### Required work:
Please set down the data word for word; images do not go in the copy.

### Material to process:
"""

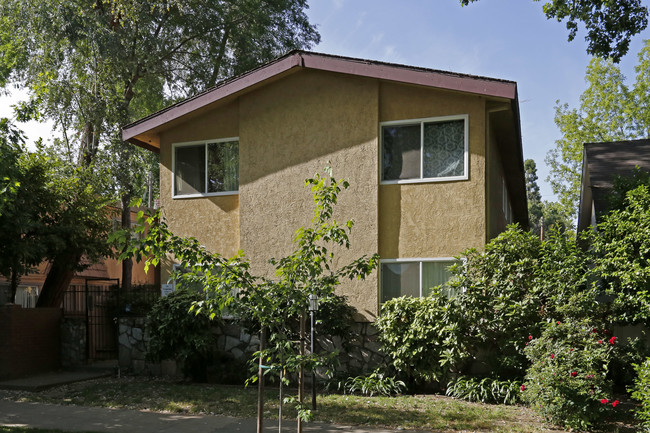 2618 C St in Sacramento, CA - Building Photo - Building Photo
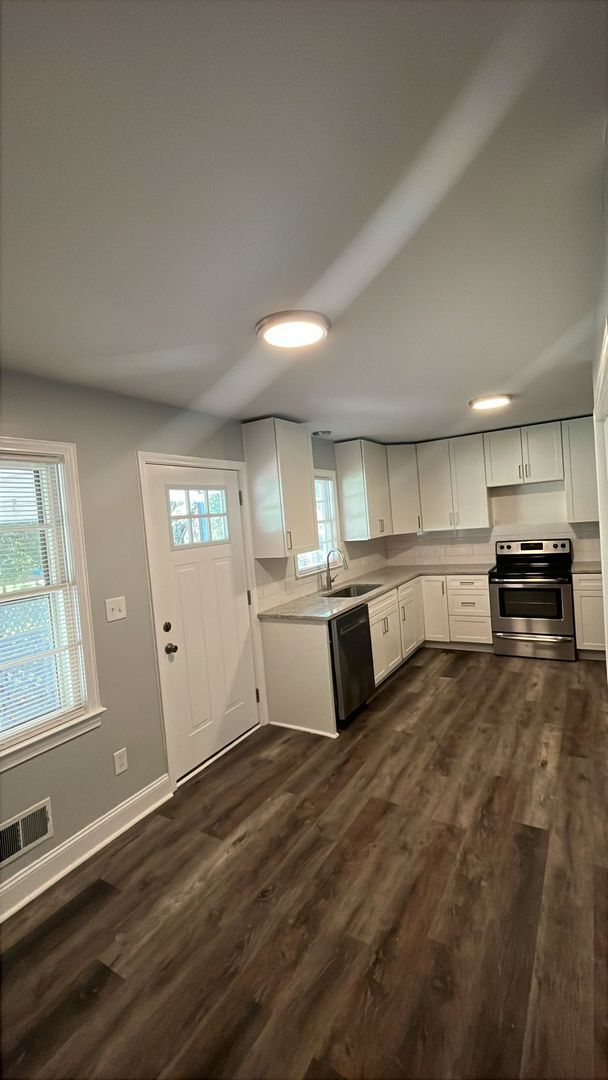 Building Photo - 112 Courtney Cir
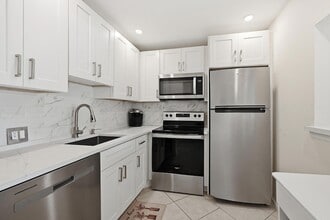 Building Photo - 314 Brighton E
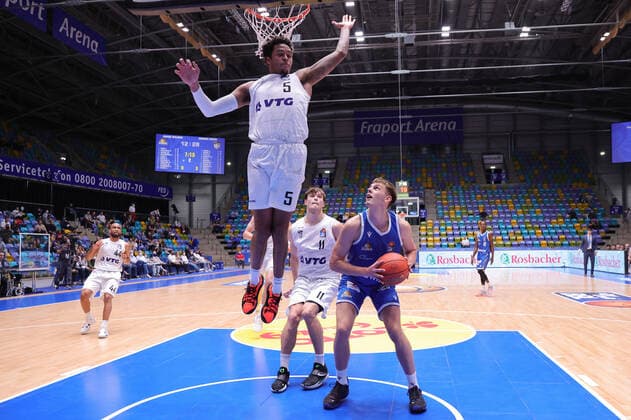 Fraport Skyliners Hamburg Towers, easyCredit BBL Caleb Homesley Hamburg Towers, 5 blocks Lorenz Brenneke Fraport Skyliners, 21 the way to the basket Basketball match of the easyCredit BBL between Fraport Skyliners and Hamburg Towers on 10 October 2021 at Fraport Arena in Frankfurt am Main , Frankfurt am Main Hesse Germany Fraport Arena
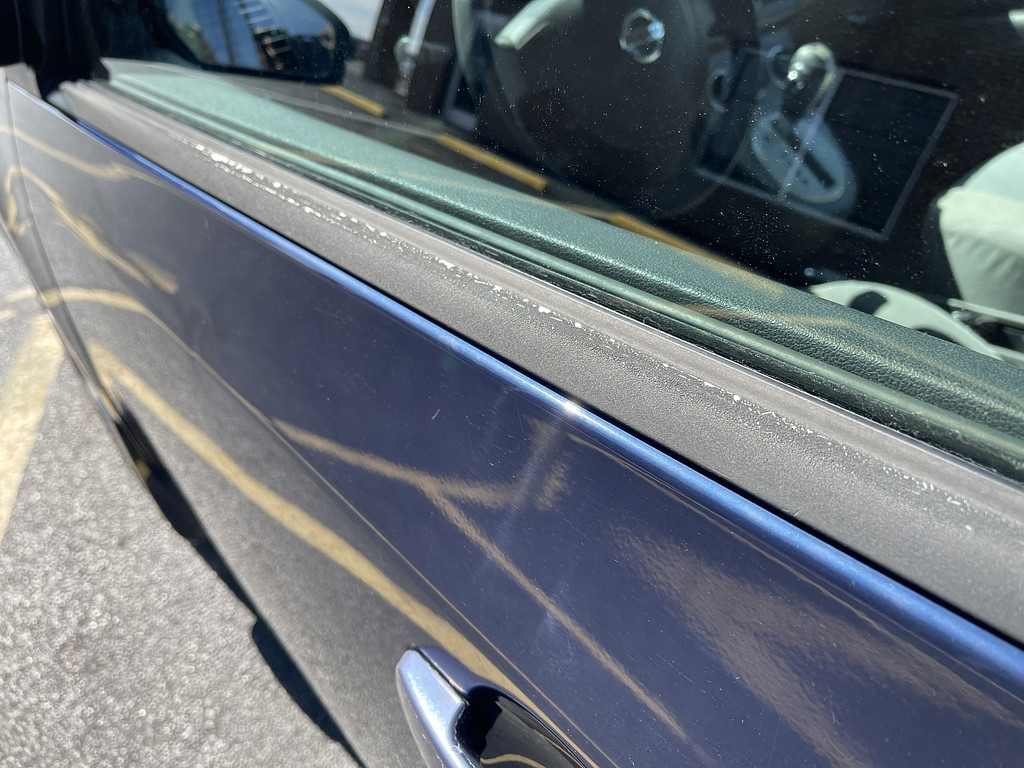 2009 Nissan SENTRA Located at Dave's GreenLight Auto Sales slide-image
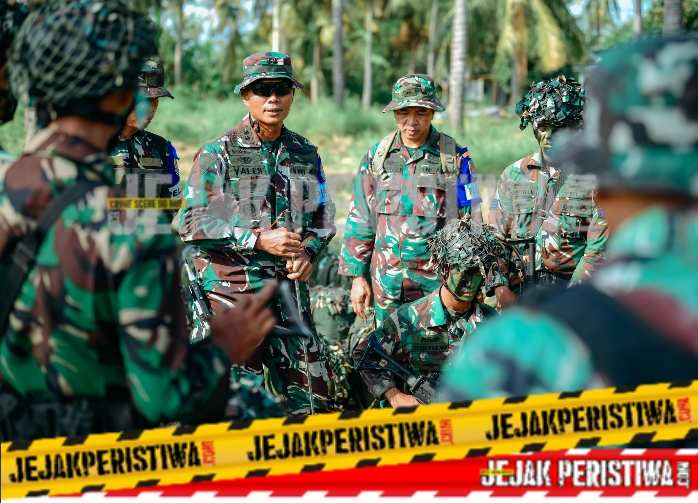 Prajurit Yonkapa 2 Marinir Latihan Kemampuan Navigasi Berkendaraan Tempur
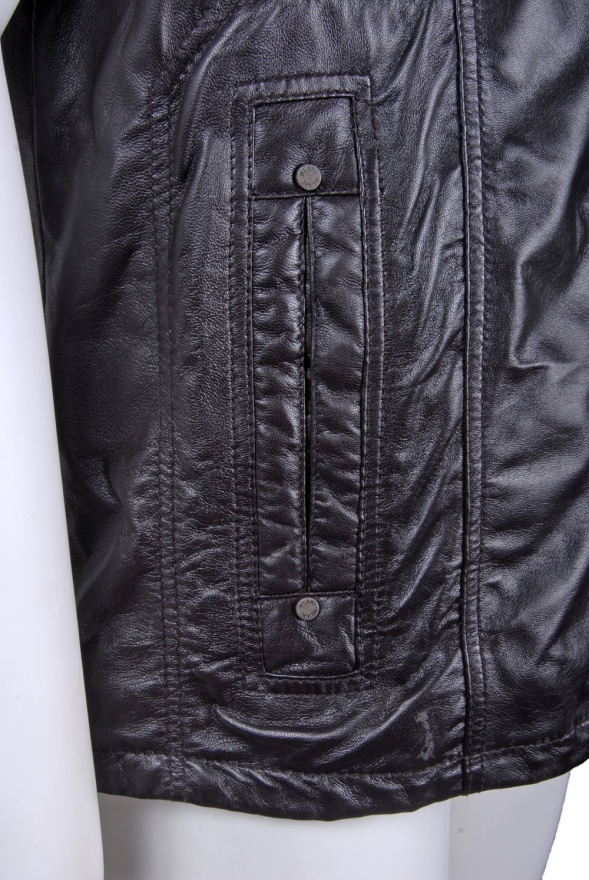 detail pánská kožená vesta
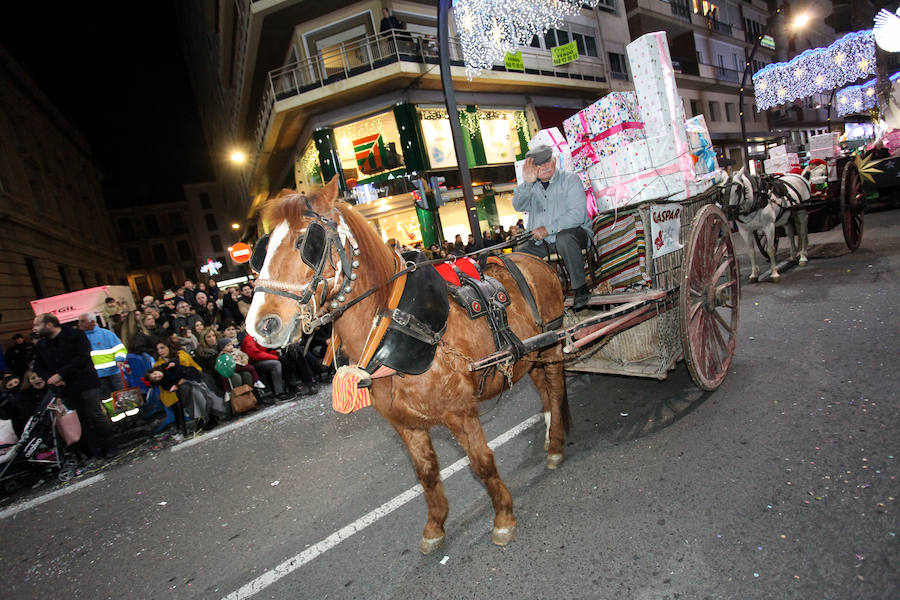 Unas 70.000 personas presenciaron un desfile que contó con los cuentos clásicos y tradicionales como hilo conductor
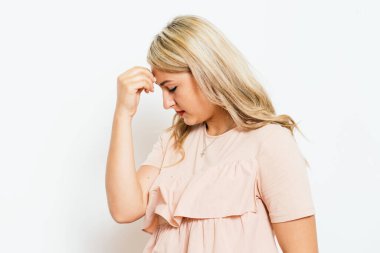 Kadın stüdyo geçmişine karşı düşünüyor.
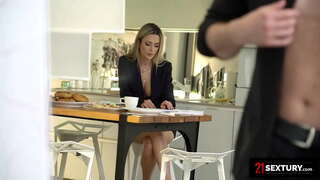 Romanyen Babe Renmen Yon Bon Rapò Ant Yo Kòmanse Jou L&#039;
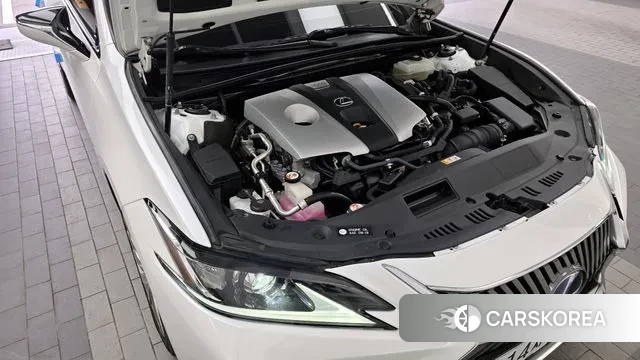 Lexus ES300h 7th generation id 3182102 из Кореи 16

"""

### Written answer:
 2618 C St in Sacramento, CA - Building Photo - Building Photo
 Building Photo - 112 Courtney Cir
 Building Photo - 314 Brighton E
 Fraport Skyliners Hamburg Towers, easyCredit BBL Caleb Homesley Hamburg Towers, 5 blocks Lorenz Brenneke Fraport Skyliners, 21 the way to the basket Basketball match of the easyCredit BBL between Fraport Skyliners and Hamburg Towers on 10 October 2021 at Fraport Arena in Frankfurt am Main , Frankfurt am Main Hesse Germany Fraport Arena
 2009 Nissan SENTRA Located at Dave's GreenLight Auto Sales slide-image
 Prajurit Yonkapa 2 Marinir Latihan Kemampuan Navigasi Berkendaraan Tempur
 detail pánská kožená vesta
 Unas 70.000 personas presenciaron un desfile que contó con los cuentos clásicos y tradicionales como hilo conductor
 Kadın stüdyo geçmişine karşı düşünüyor.
 Romanyen Babe Renmen Yon Bon Rapò Ant Yo Kòmanse Jou L&#039;
 Lexus ES300h 7th generation id 3182102 из Кореи 16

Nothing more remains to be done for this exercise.